Pictures are to be omitted. Output only the lines from the one containing "大型透平发电机轴电压在线监测系统" through the end of the data, word for word.

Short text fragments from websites

........

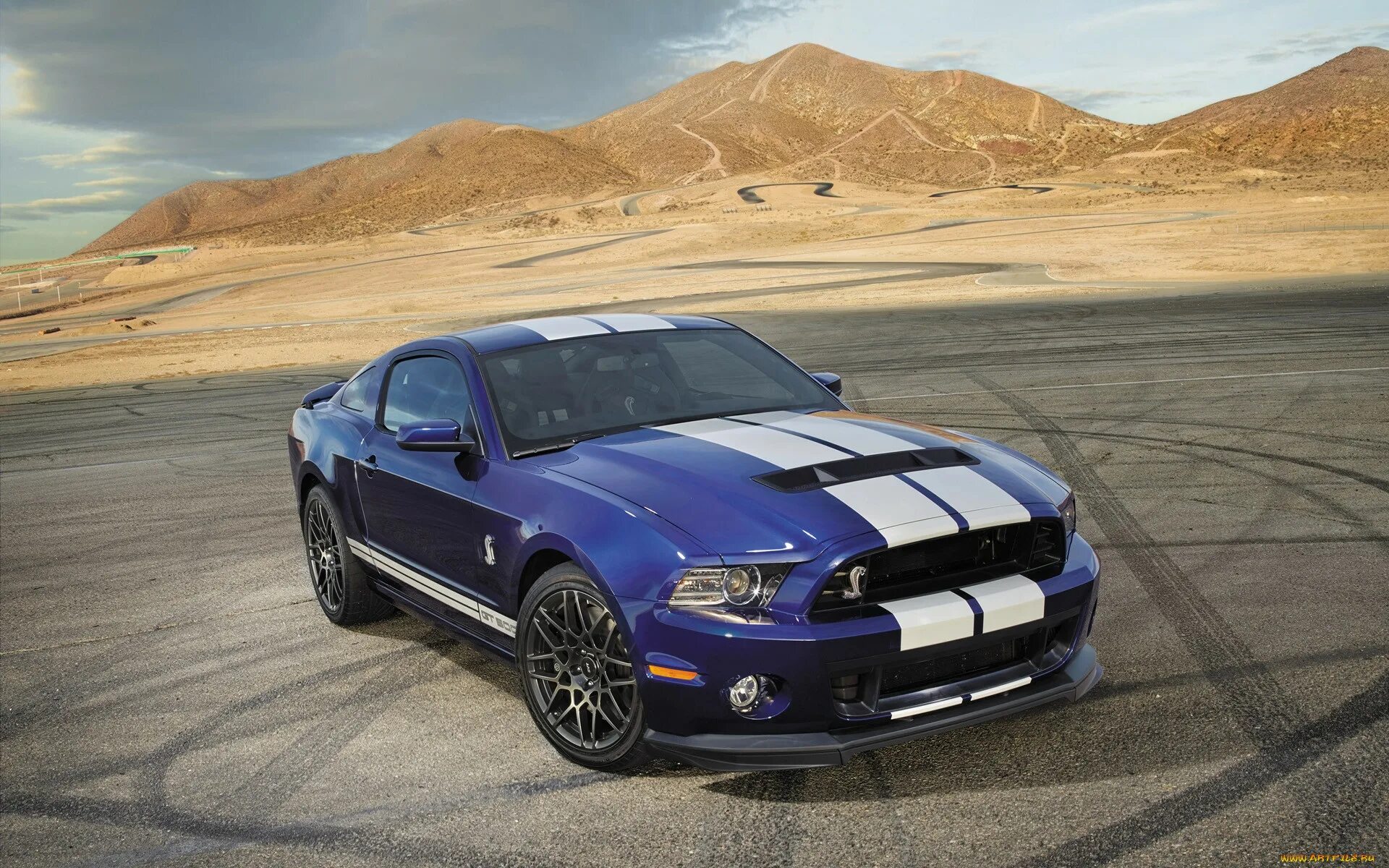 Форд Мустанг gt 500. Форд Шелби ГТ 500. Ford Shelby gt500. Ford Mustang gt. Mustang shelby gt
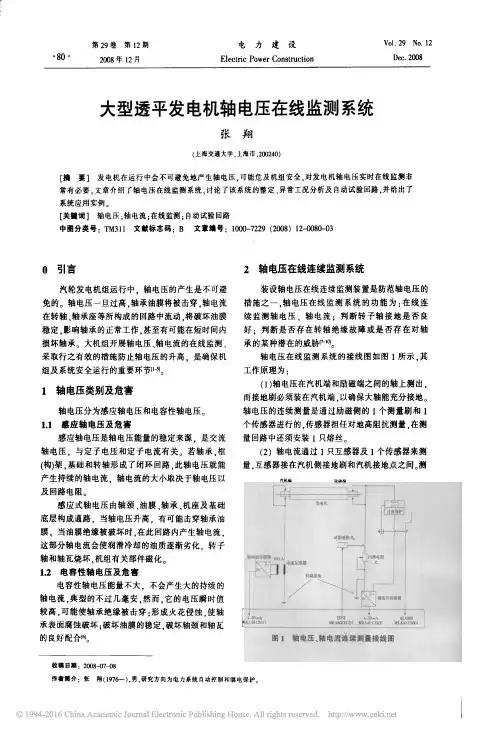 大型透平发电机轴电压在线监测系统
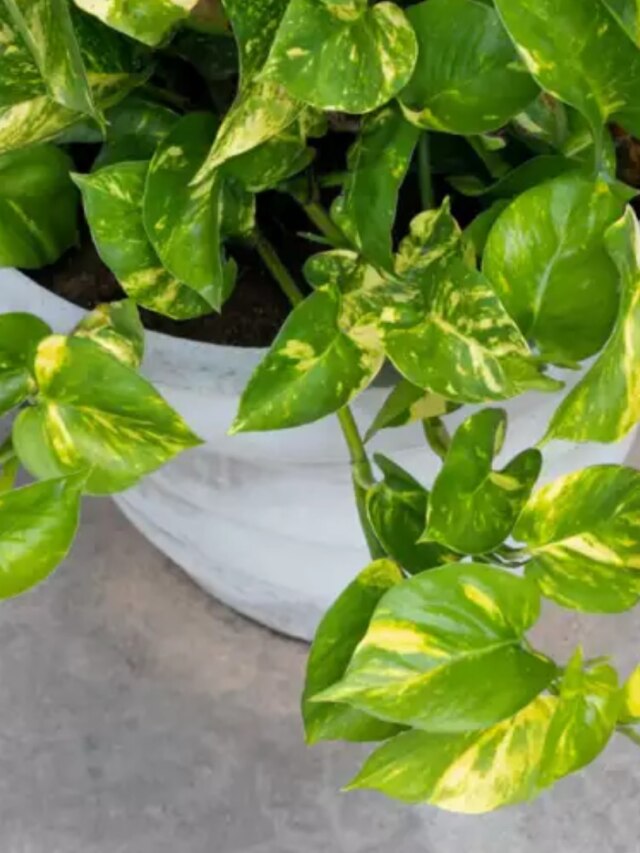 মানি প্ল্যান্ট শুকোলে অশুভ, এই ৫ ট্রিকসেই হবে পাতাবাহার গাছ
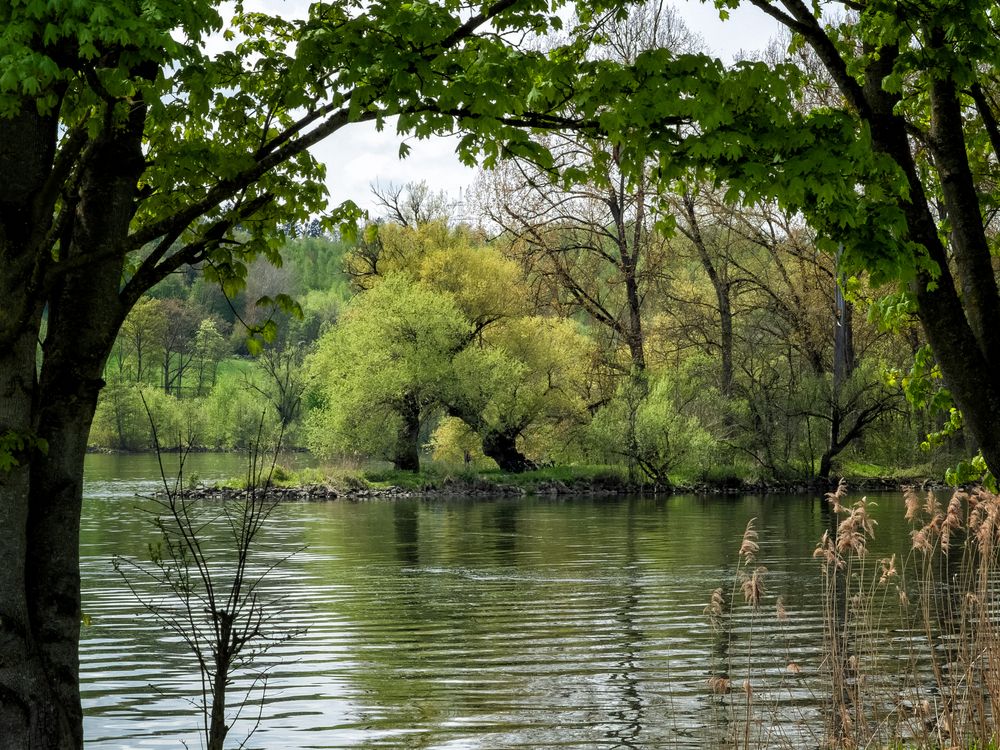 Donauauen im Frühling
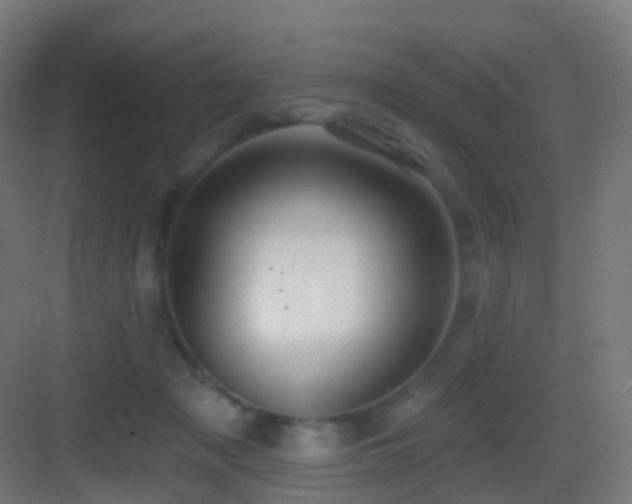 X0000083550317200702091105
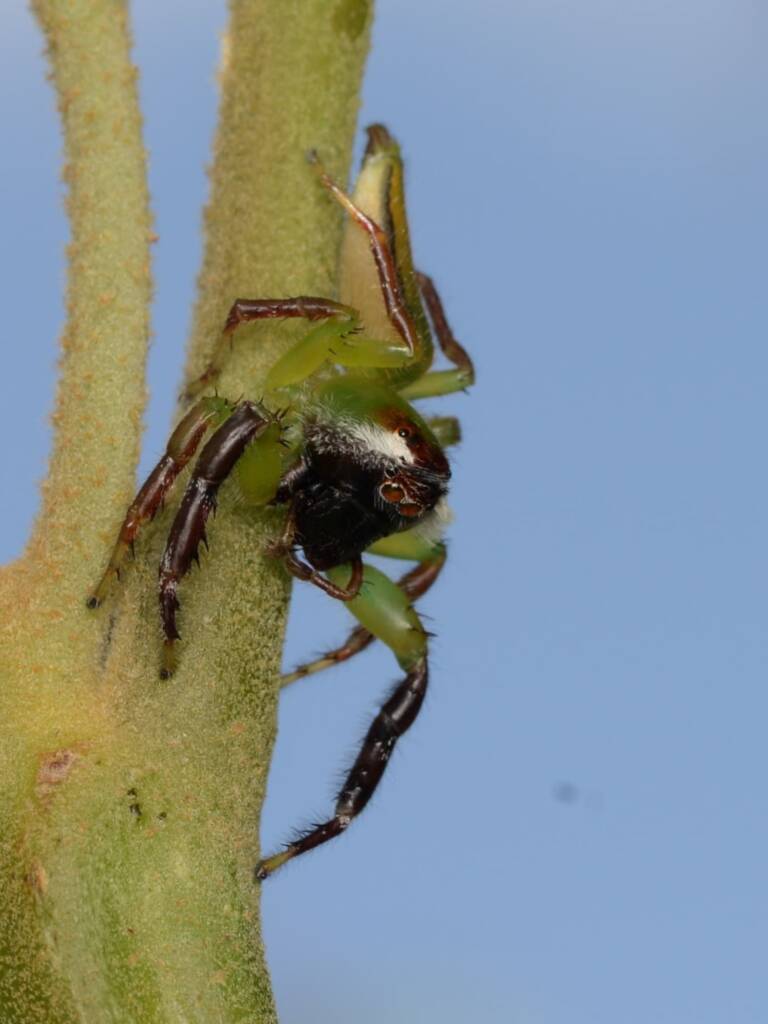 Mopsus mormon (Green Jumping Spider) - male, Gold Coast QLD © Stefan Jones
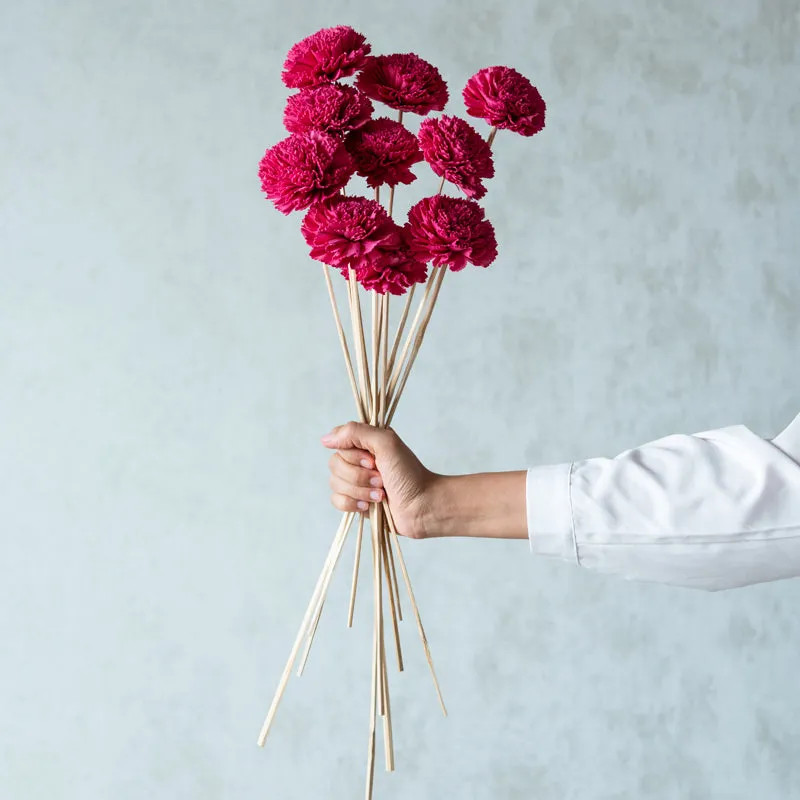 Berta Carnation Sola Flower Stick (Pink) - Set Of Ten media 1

........

Result:
 大型透平发电机轴电压在线监测系统
 মানি প্ল্যান্ট শুকোলে অশুভ, এই ৫ ট্রিকসেই হবে পাতাবাহার গাছ
 Donauauen im Frühling
 X0000083550317200702091105
 Mopsus mormon (Green Jumping Spider) - male, Gold Coast QLD © Stefan Jones
 Berta Carnation Sola Flower Stick (Pink) - Set Of Ten media 1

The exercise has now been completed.